------ Data for processing

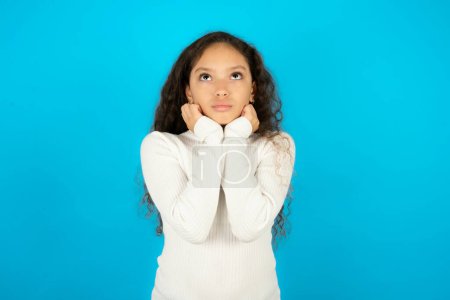 Photo for Portrait of sad teenager girl wearing white sweater hands face look empty space - Royalty Free Image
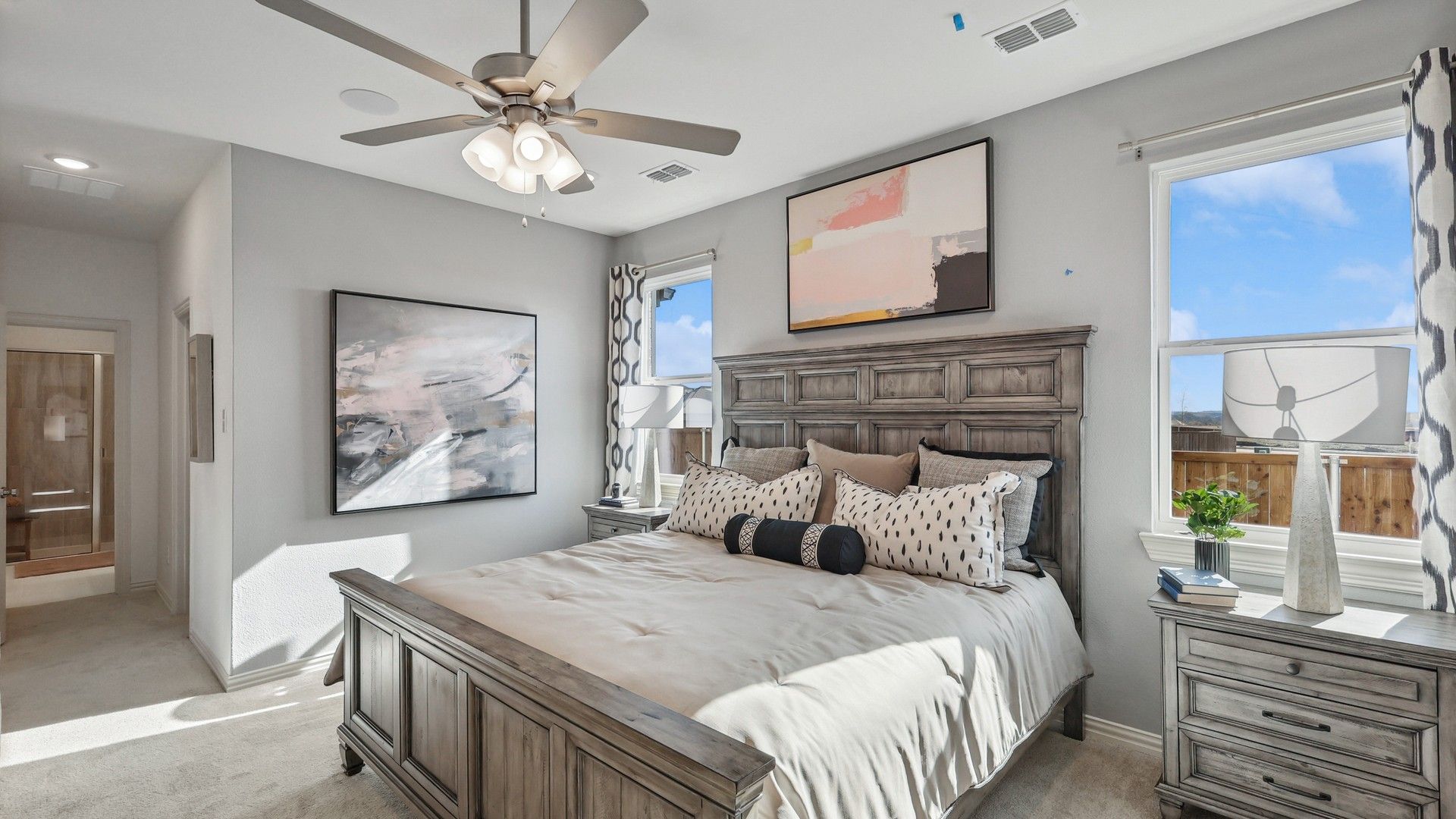 Experience sophistication with elegant woodwork and art in this Bel Air Village bedroom.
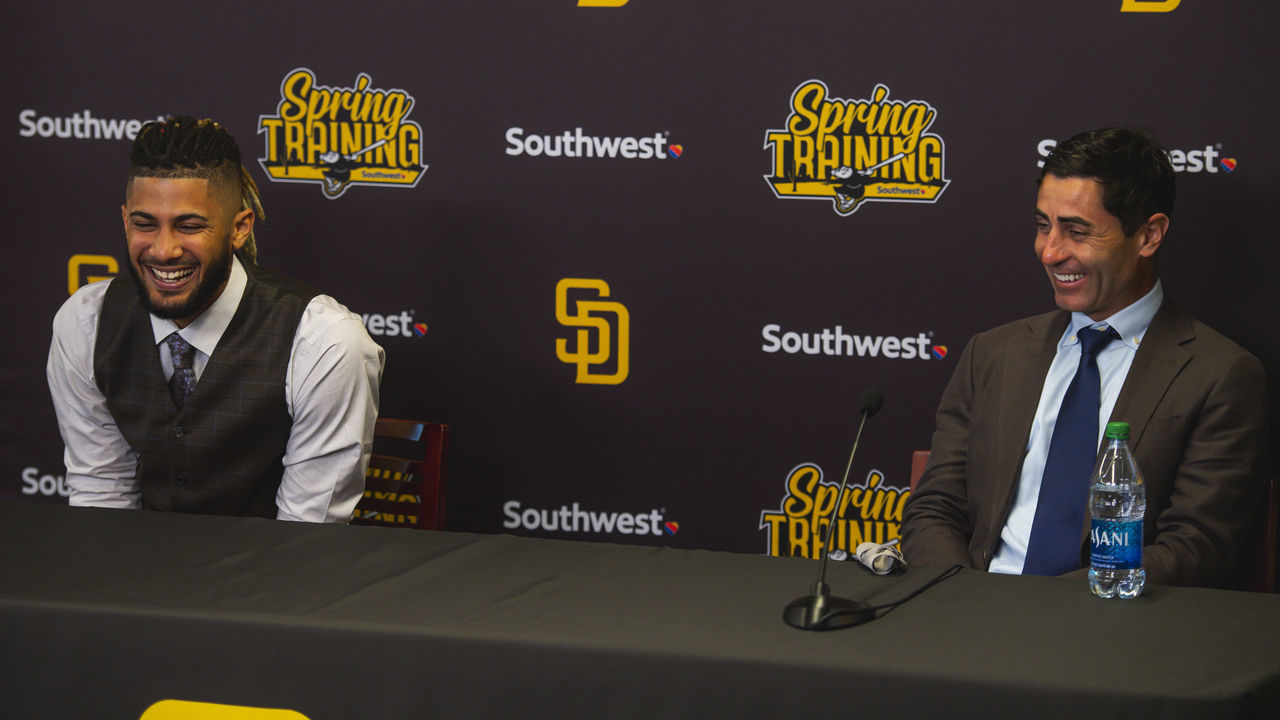 PEORIA, AZ - FEBRUARY 22: Infielder Fernando Tatis Jr. #23 and President of Baseball Operations and General Manager A.J. Preller of the San Diego Padres laugh during Tatis' press conference at the Peoria Sports Complex on February 22, 2021 in Peoria, Arizona.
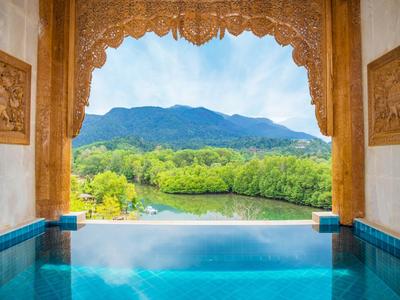 View from a pool with ornate carved frame overlooking green hills and blue sky.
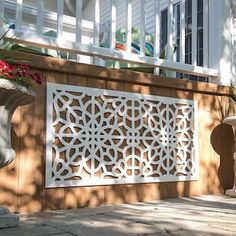 an outdoor area with potted plants and a decorative screen on the side of a house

------------

◆ How to complete this task: In the copy, include all records verbatim but no images.

◆ Solution for this exercise:
 Photo for Portrait of sad teenager girl wearing white sweater hands face look empty space - Royalty Free Image
 Experience sophistication with elegant woodwork and art in this Bel Air Village bedroom.
 PEORIA, AZ - FEBRUARY 22: Infielder Fernando Tatis Jr. #23 and President of Baseball Operations and General Manager A.J. Preller of the San Diego Padres laugh during Tatis' press conference at the Peoria Sports Complex on February 22, 2021 in Peoria, Arizona.
 View from a pool with ornate carved frame overlooking green hills and blue sky.
 an outdoor area with potted plants and a decorative screen on the side of a house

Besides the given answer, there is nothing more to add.